W związku z pożarami, które pustoszą lasy i łąki Portugalii rząd premiera Luisa Montenegro ogłosił w sobotę stan alarmowy w kontynentalnej części kraju. Szefowa resortu spraw wewnętrznych Maria Amaral przekazała, że stan alarmowy będzie obowiązywał od niedzieli do czwartku. Do przyszłej niedzieli w wielu częściach kraju prognozowane są temperatury sięgające 40 stopni Celsjusza.
Stan wyjątkowy wiąże się z restrykcjami, które mają kraj chronić przed wybuchem kolejnych pożarów. Od niedzieli w Portugalii obowiązuje zakaz wchodzenia do lasów oraz wykonywania prac polowych przy użyciu urządzeń, które mogłyby spowodować pojawienie się ognia. Dodatkowo zabronione jest rozpalanie ognisk i używanie fajerwerków.

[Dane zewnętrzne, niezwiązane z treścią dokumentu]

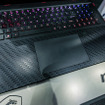 高級車メーカーとコラボした「MSI×Mercedes-AMG」18インチの限定モデル登場！所有欲を満たすラグジュアリーなデザイン【COMPUTEX 2024】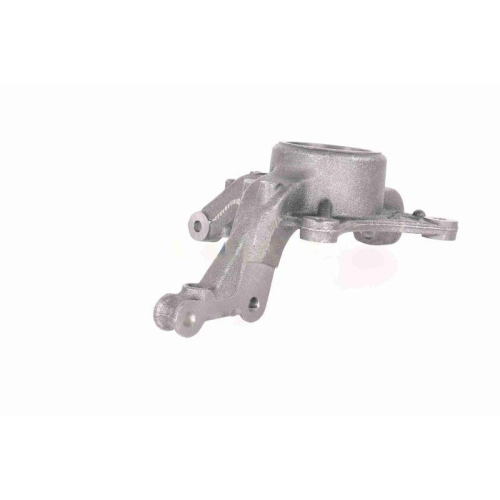 VAICO Achsschenkel, Radaufh&auml;ngung Original VAICO Qualit&auml;t V46-1432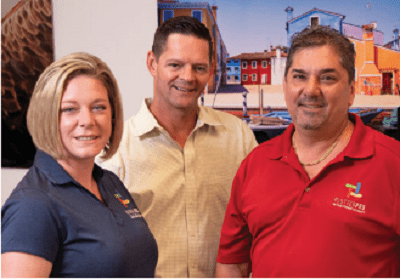 familyownedbusiness familyownedbusiness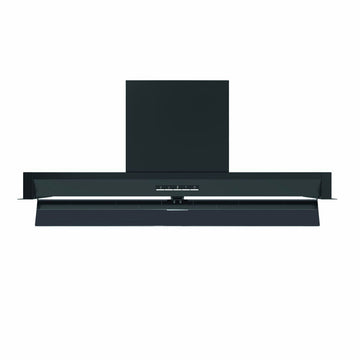 V3H9ECE9E9E1D5C31425C7EA6D92FB9747DR7477137P1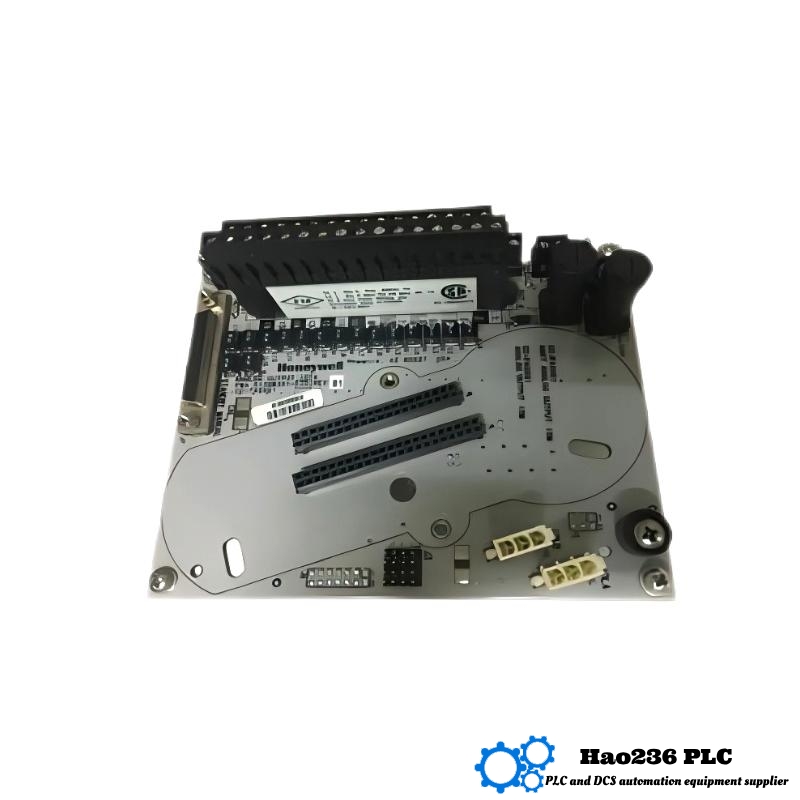 Honeywell CC-HCN911 51307206-175 I/O Terminal Component C300/CF9 series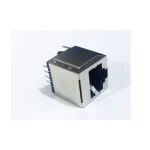 ⁦ارجي شبكة - RJ45 Ethernet SMD⁩ - الصورة ⁦3⁩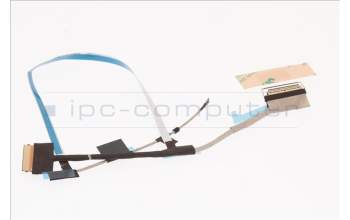 Acer 50.QNCN7.001 CABLE LCD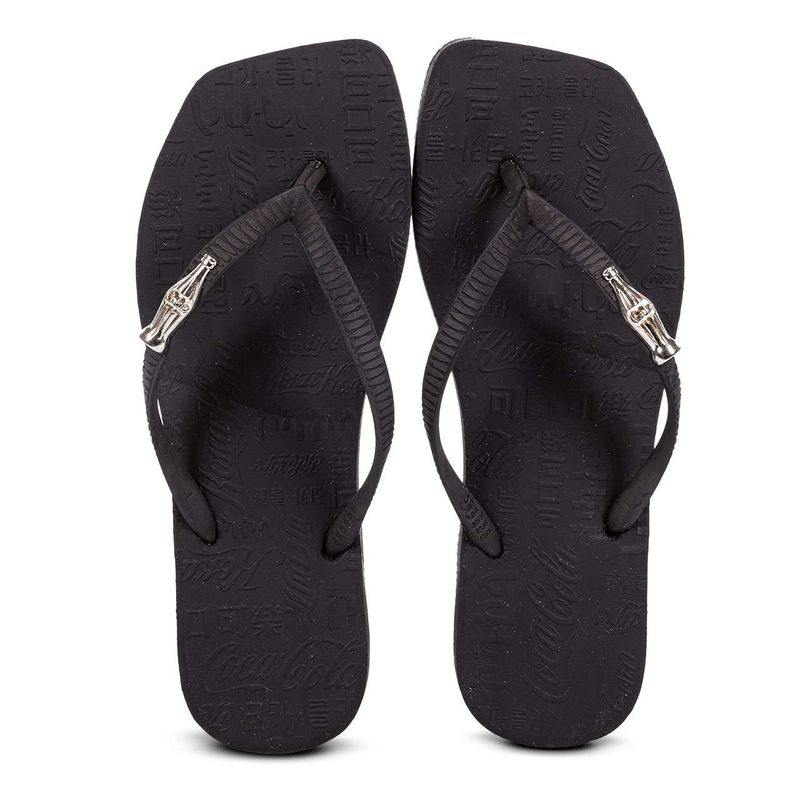 CC3514_PRETO-PRETO_7.jpg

- Następny tydzień będzie trudny - podkreśliła Amaral.
Niesprawiedliwa walka
W niedzielę rano portugalscy strażacy walczyli z ponad 40 pożarami lasów i łąk. Żywioł trawi tereny głównie w środkowej, a także w północnej części kraju, gdzie w sobotę wieczorem rannych zostało trzech strażaków. Pożary w Ponte da Barca i Lindoso budzą największe obawy. Są one aktywne i nadal uznawane za "poważne zagrożenie" przez Krajowy Urząd ds. Sytuacji Nadzwyczajnych i Ochrony Ludności, a na dodatek zagrażają Parkowi Narodowemu Peneda-Geres.

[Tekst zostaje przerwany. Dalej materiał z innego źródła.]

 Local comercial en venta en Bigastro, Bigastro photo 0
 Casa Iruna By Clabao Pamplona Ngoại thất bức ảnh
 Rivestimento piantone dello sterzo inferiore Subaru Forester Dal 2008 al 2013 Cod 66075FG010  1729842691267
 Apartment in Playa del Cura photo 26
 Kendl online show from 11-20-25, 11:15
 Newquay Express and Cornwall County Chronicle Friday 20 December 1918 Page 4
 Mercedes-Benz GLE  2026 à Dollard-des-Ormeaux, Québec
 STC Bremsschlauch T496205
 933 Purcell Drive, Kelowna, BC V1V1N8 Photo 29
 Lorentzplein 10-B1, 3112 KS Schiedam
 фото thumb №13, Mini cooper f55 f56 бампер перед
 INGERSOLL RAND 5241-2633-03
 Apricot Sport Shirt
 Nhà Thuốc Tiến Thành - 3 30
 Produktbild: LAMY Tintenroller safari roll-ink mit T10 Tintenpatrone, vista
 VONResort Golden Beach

- To bardzo niesprawiedliwa walka - opowiadał Elisio Oliveira z dowództwa strażaków regionu Minho. - Pomimo całego wysiłku włożonego przez personel operacyjny (...) wystarczy zmiana kierunku wiatru w miejscach, gdzie płomień nie jest widoczny, a ogień rozgorzeje i może zagrozić całej operacji.
Według portugalskiej policji przyczyną części pożarów mogło być umyślne podłożenie ognia. Szacuje się, że od stycznia funkcjonariusze ujęli 36 podejrzanych o dokonanie podpaleń - to o 20 więcej niż w analogicznym okresie ubiegłego roku.